§ **Required action**
Could you give back exactly the lines below from the one with "Calm Oasis 2Br" through the one with "FAIRLAND FARMS - Residential", without a single picture?

§ **Given information**
BEGIN
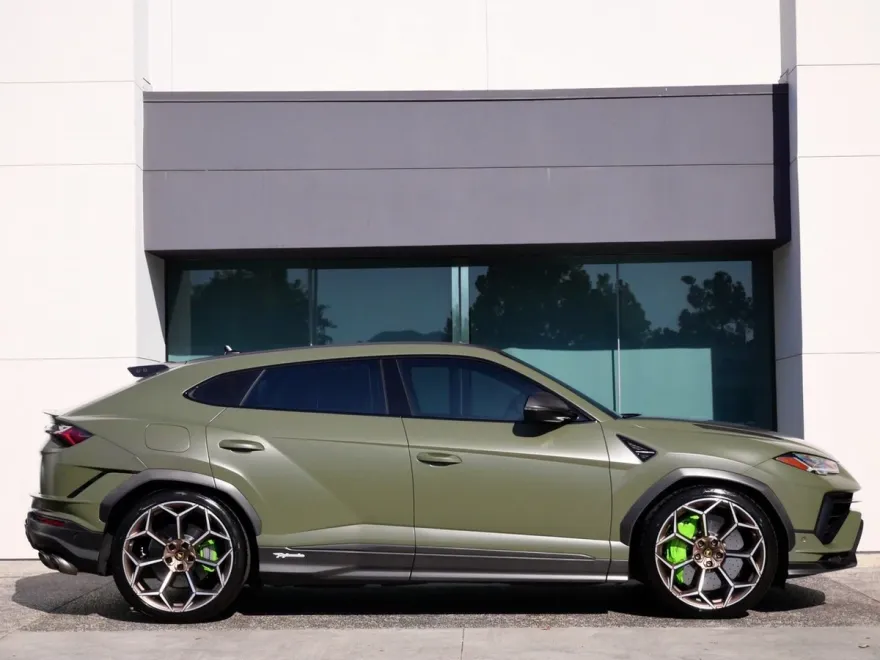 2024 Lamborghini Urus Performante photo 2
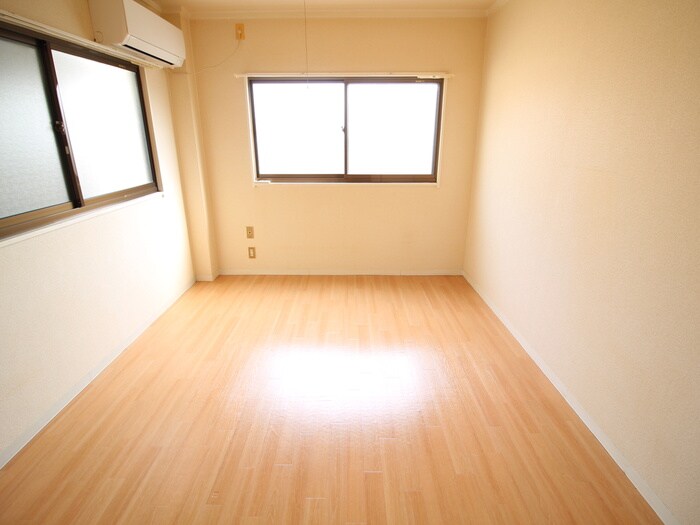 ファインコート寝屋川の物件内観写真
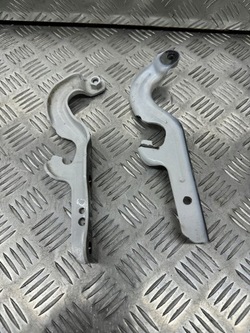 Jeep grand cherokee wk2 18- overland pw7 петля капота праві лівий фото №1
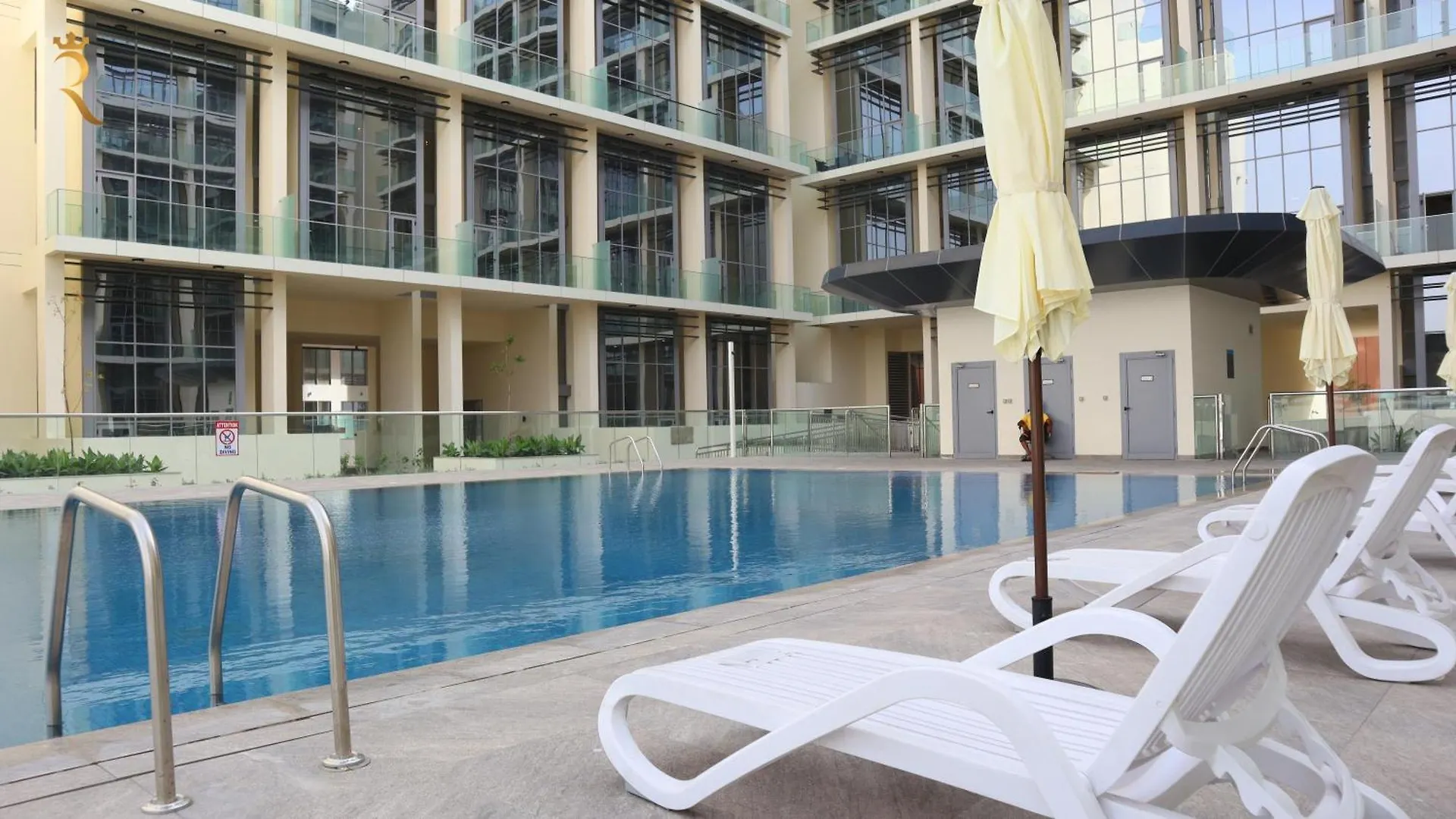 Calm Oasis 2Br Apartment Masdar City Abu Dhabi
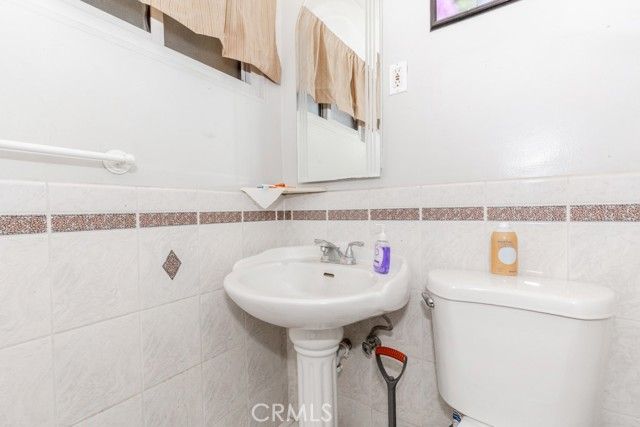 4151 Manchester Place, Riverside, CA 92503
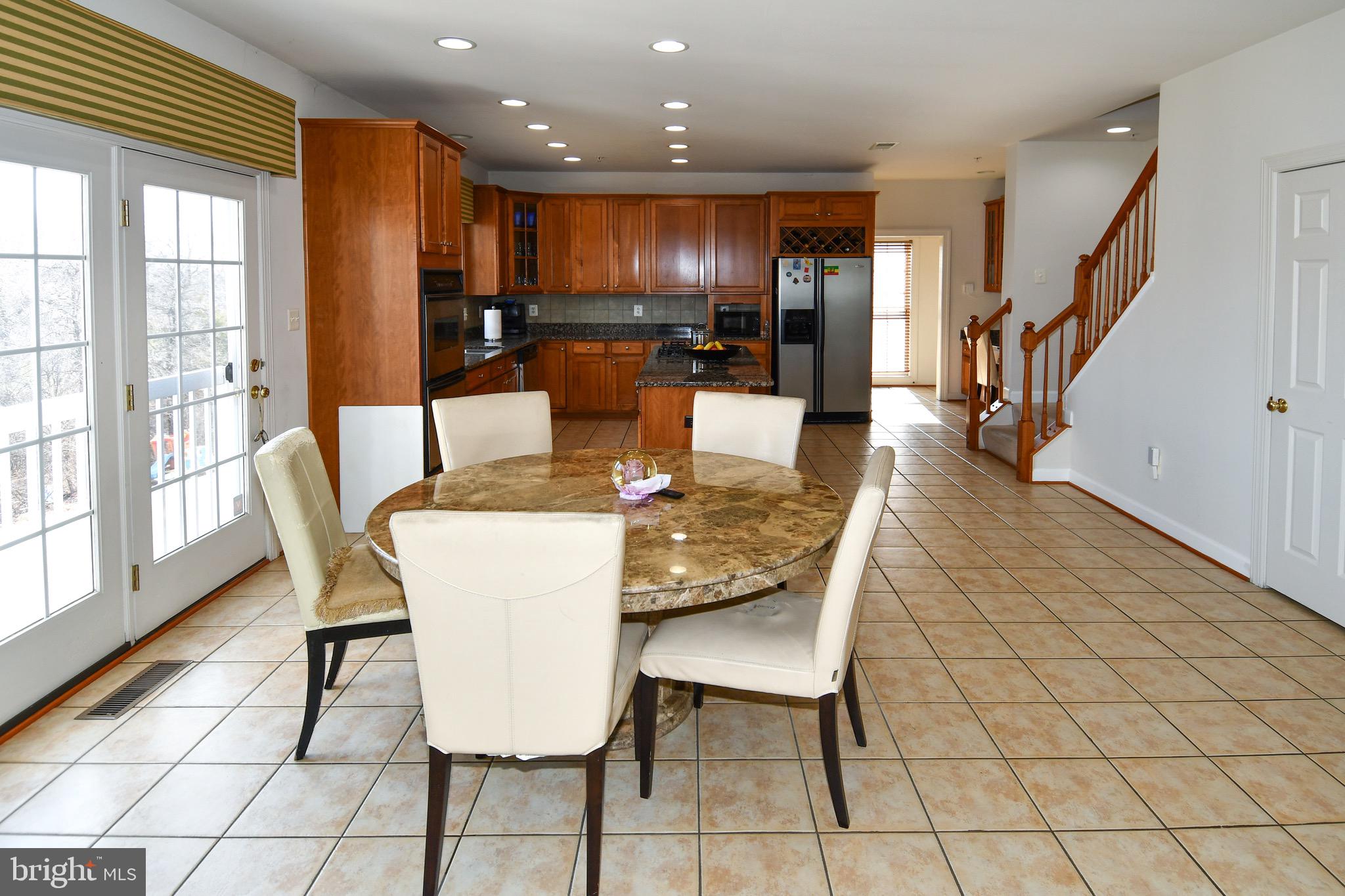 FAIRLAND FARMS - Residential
END
BEGIN
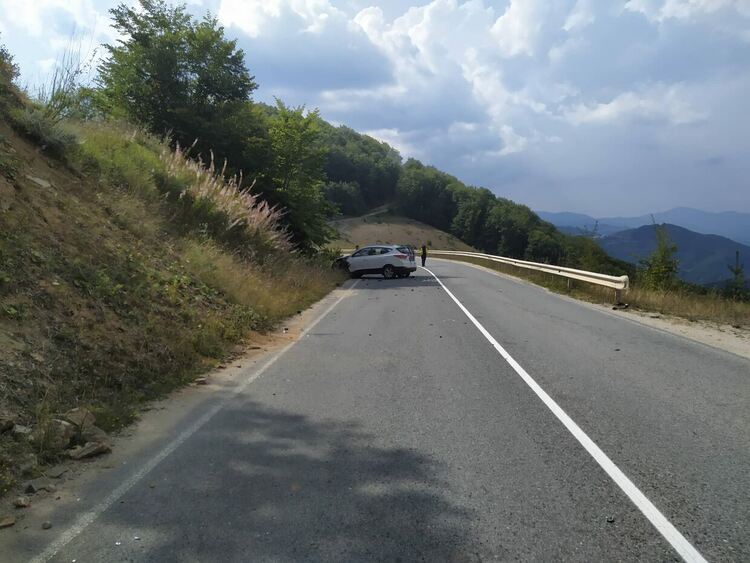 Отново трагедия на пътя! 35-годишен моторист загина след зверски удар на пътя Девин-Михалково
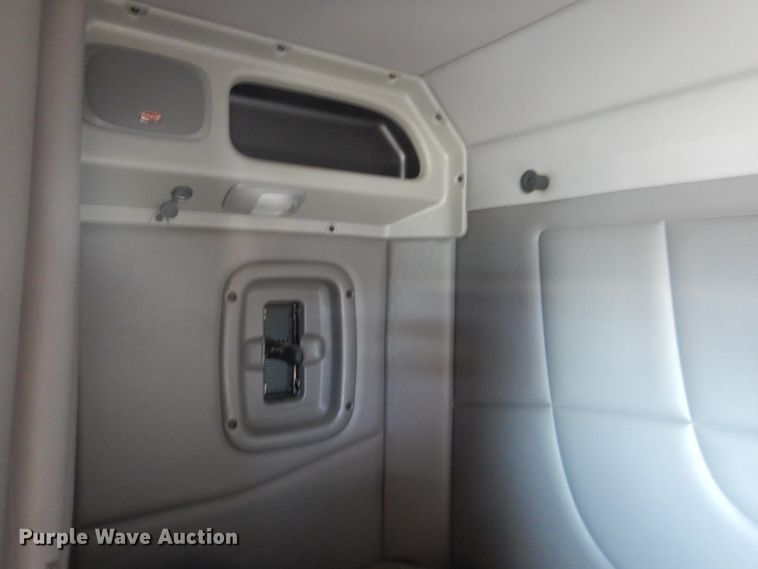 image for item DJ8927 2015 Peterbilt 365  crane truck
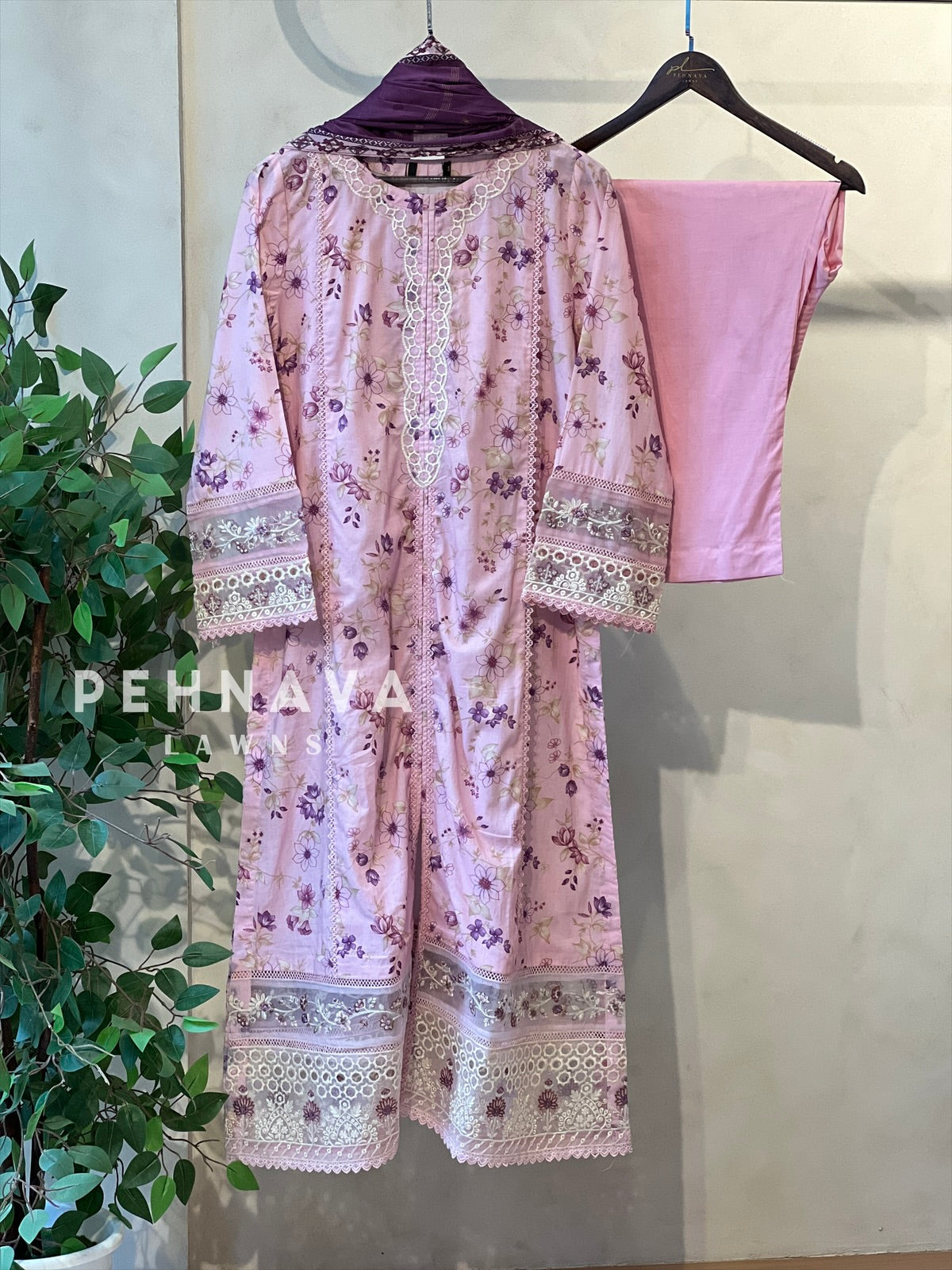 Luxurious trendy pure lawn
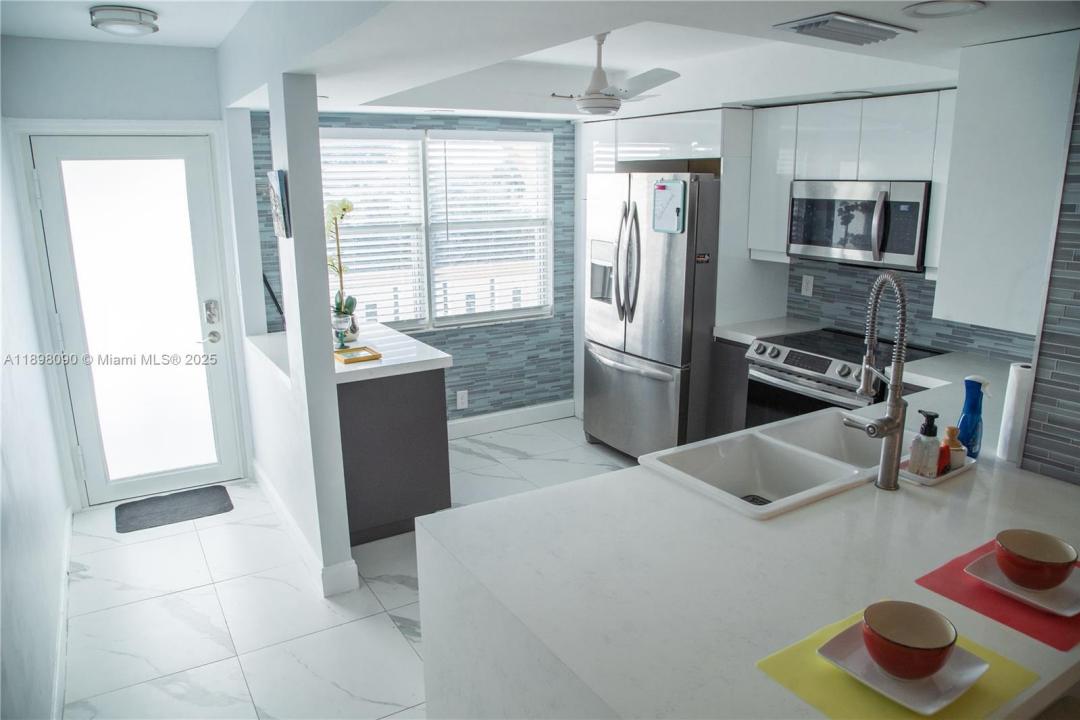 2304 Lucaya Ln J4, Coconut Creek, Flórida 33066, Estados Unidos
END
BEGIN
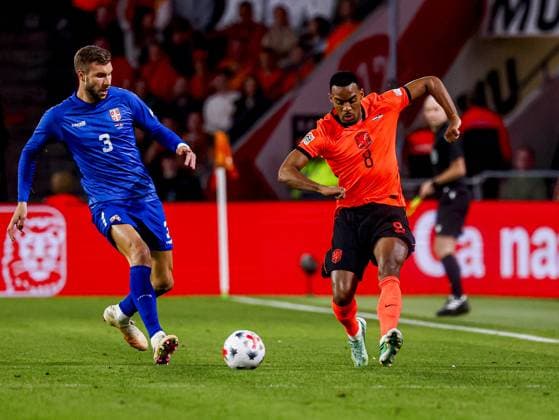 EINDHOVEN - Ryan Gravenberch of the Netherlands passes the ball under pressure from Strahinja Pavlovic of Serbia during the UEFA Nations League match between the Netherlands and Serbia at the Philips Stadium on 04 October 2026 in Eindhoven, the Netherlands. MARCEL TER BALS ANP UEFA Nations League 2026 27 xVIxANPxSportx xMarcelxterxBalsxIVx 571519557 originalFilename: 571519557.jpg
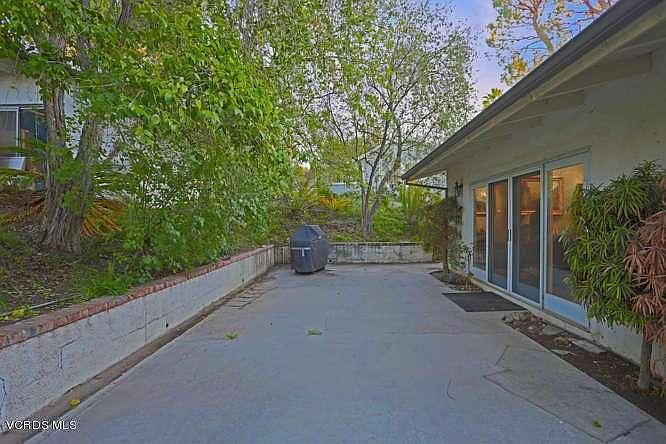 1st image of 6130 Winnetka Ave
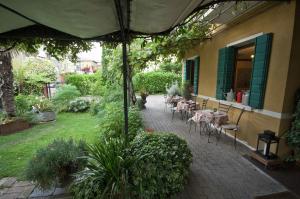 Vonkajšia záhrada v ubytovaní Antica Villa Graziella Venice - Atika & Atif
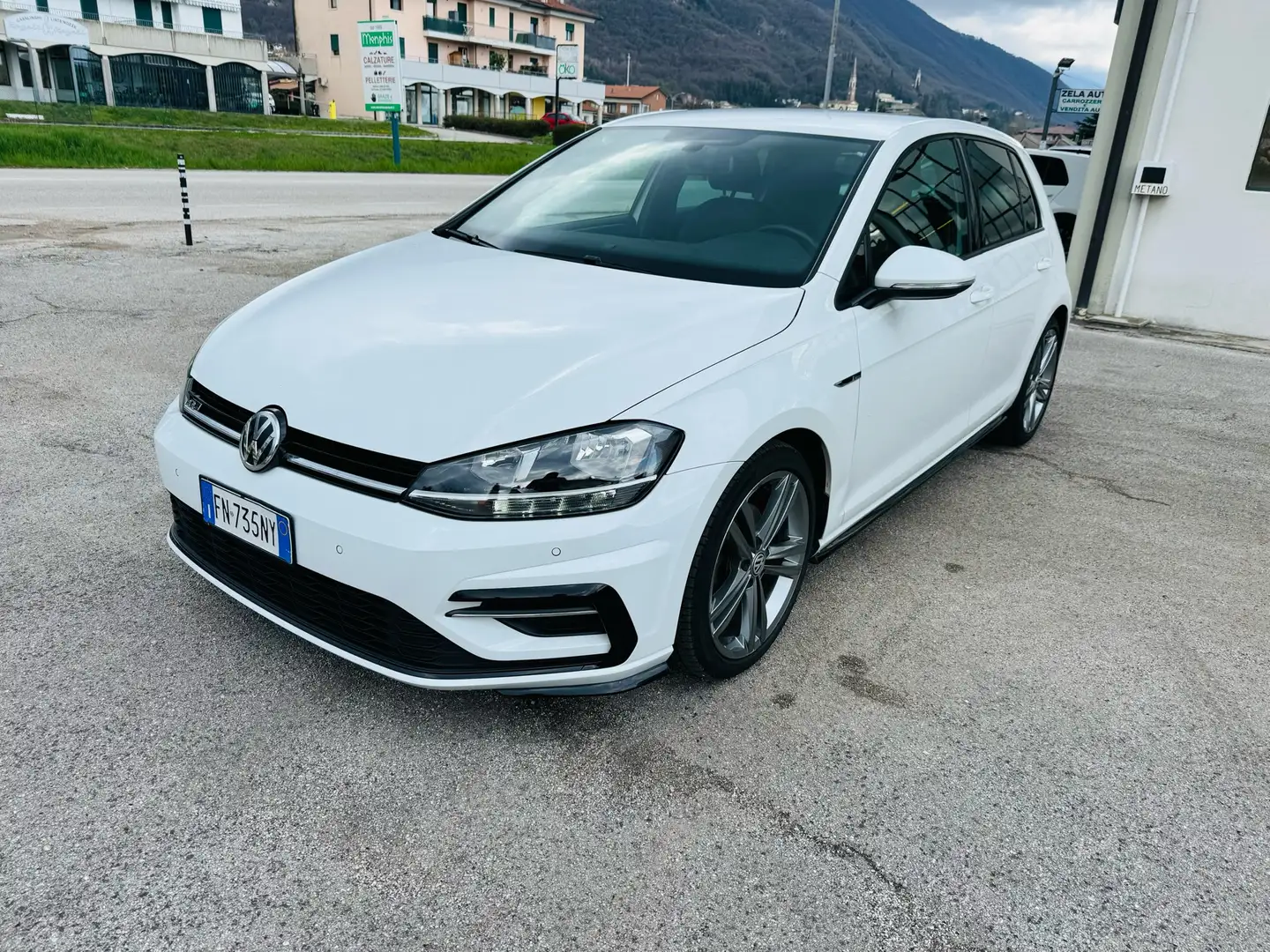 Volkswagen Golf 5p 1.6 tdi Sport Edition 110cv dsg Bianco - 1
END
§ **Result of this task**
 Calm Oasis 2Br Apartment Masdar City Abu Dhabi
 4151 Manchester Place, Riverside, CA 92503
 FAIRLAND FARMS - Residential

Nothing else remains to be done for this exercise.